# carboot sale



## patsy (May 8, 2009)

Hi All does anyone know of a carboot in caldas i have a portugues friend who has just lost her elderly mother and needs to empty her house patsy


----------



## Mr.Blueskies (Feb 24, 2009)

I believe that Siobhan knows the details !


----------



## silvers (Sep 22, 2008)

Hi Patsy,
Sorry I missed you and Huggy bear the other day, try the "antique" fair in Caldas.
Second Sunday in the month at Caldas da Rainha in D. Carlos Park.


----------



## John999 (Jul 6, 2009)

Hi Patsy, glad you back. Hope see you both son


----------



## Mr.Blueskies (Feb 24, 2009)

Hi James,
You wouldn't by any chance know which sunday in every month does the markets in both Bombarrell and Alcobaca happen on ?


----------



## silvers (Sep 22, 2008)

* First Saturday at Peniche next to the taxi square.
* First Sunday at Óbidos next to the parking lot.
* Second Saturday at Leiria at the Rodrigues Lobo square.
* Second Sunday at Caldas da Rainha in D. Carlos Park.
* Third Saturday and Sunday at São Martinho do Porto all along the bay shore walk side from May to September and December.
* Third Sunday at Alcobaça next to the Monastry.
* Fourth Saturday at Marinha Grande in Stephens Square.
* Last Sunday at Vieira de Leiria in the church yard.


----------



## silvers (Sep 22, 2008)

I will enquire about Bombarral for you.


----------



## Mr.Blueskies (Feb 24, 2009)

Thank you James,

 Your a mine of information. Your memory banks must be fit to burst. lol

Cheers.


----------



## silvers (Sep 22, 2008)

No problem. Mrs Silvers says I am full of it.


----------



## stephanie (Nov 11, 2008)

patsy said:


> Hi All does anyone know of a carboot in caldas i have a portugues friend who has just lost her elderly mother and needs to empty her house patsy


Hi Patsy,

I don't know of an actual car boot sale in the area but there is a very good shop just outside Obidos that deals in second hand furniture and bits and pieces. They would be able to buy anything they thought they could resell and collect it too.
If you drive past Obidos from Caldas the shop is just before the corner at the Peniche turnoff. next to Restaurante Zina. I can't remember the name of the shop I'm afraid but it is quite easy to spot.
Some of the staff speak English which may be helpful too.

Good luck!

Stephanie


----------



## siobhanwf (Mar 20, 2009)

*The Womens Action Group of Caldas is holding a table sale in a hall in Salir do Porto on May 30th....FULL DETAILS TO FOLLOW*


----------



## silvers (Sep 22, 2008)

Womens action group? Does that make them WAGS?


----------



## siobhanwf (Mar 20, 2009)

silvers said:


> womens action group? Does that make them wags?


yep!!


----------



## siobhanwf (Mar 20, 2009)

Women's Action Group (WAGS) is holding a table top sale at the Social Club in Salir do Porto on May 30th at 11pm. 

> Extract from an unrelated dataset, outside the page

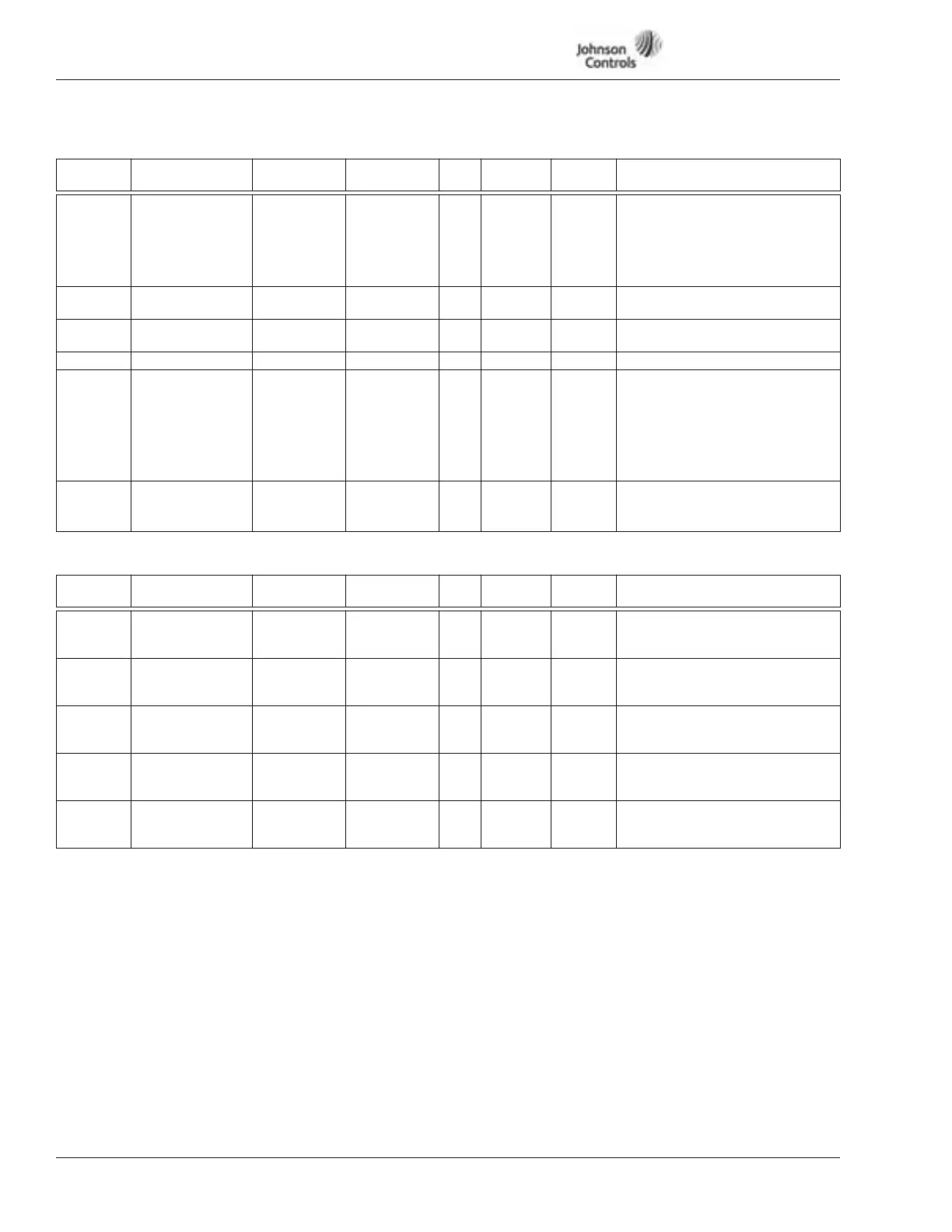 Page #152 background image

The object is to raise money for the Dona Leonor Special Needs School in Caldas by selling a space for a table at the table top sale. Each space is 5 euros but we ask that you provide your own table. We hope to buy the school some much needed euipment. 

If you haven't got anything to sell, perhaps you could come along and support us. There will be a tombola stall, cakes and homemade jams, nearly new clothing and crafts made by the craft group, as well as other table sales.


*SUNDAY MAY 30TH 11am
at 
SALIR DO PORTO SOCIAL CLUB
(LEFT OFF MAIN ROAD AT ROUNDABOUT BY CEMETARY)
5 euros charge for table – please bring your own 
All proceeds to Dona Leonor Special Needs School Caldas da Rainha. 

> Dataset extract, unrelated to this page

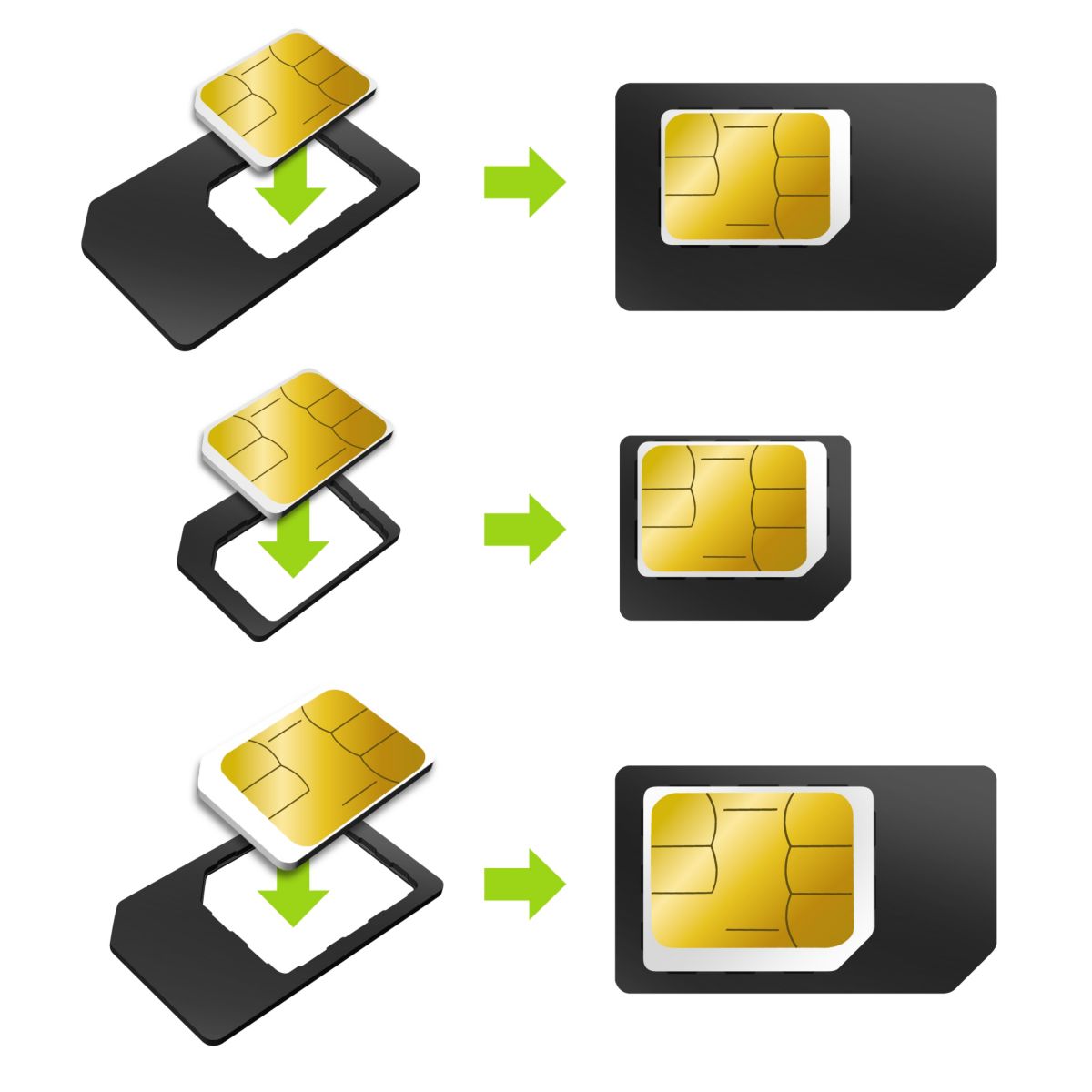 Adaptateur carte SIM ESSENTIELB pack de 3 cartes sim-nano sim- micro sim (photo) Adaptateur carte SIM ESSENTIELB pack de 3 cartes sim-nano sim- micro sim (photo)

Painting in attached document by Logan pupil at school
Contact: Ellie Martin at [email protected] to reserve table or for further information*

Flyer attached


----------



## siobhanwf (Mar 20, 2009)

THERE IS A CAR BOOT SALE IN LISBON IN AID OF THE WRVS ON MAY 8TH 
DETAILS AT 

http://www.expatforum.com/expats/po...living-portugal/47196-car-boot-sale-wrvs.html


----------



## Bubbles67 (Jan 19, 2010)

silvers said:


> * First Saturday at Peniche next to the taxi square.
> * First Sunday at Óbidos next to the parking lot.
> * Second Saturday at Leiria at the Rodrigues Lobo square.
> * Second Sunday at Caldas da Rainha in D. Carlos Park.
> ...



Hi, are these produce markets or antique/2nd hand markets?


----------



## siobhanwf (Mar 20, 2009)

Bubbles67 said:


> Hi, are these produce markets or antique/2nd hand markets?



produce markets


----------



## silvers (Sep 22, 2008)

You know I love you Siobhan but on this occasion, and don't hit me, you are slightly incorrect. The markets I have published are for "antiques." Don't hit me!


----------



## siobhanwf (Mar 20, 2009)

silvers said:


> You know I love you Siobhan but on this occasion, and don't hit me, you are slightly incorrect. The markets I have published are for "antiques." Don't hit me!



Brilliant I dodn't know there were antiques at these markets!!!Thanks!


----------



## John999 (Jul 6, 2009)

You don`t really know much do you?


----------



## siobhanwf (Mar 20, 2009)

John999 said:


> You don`t really know much do you?


Are you always soooo rude


----------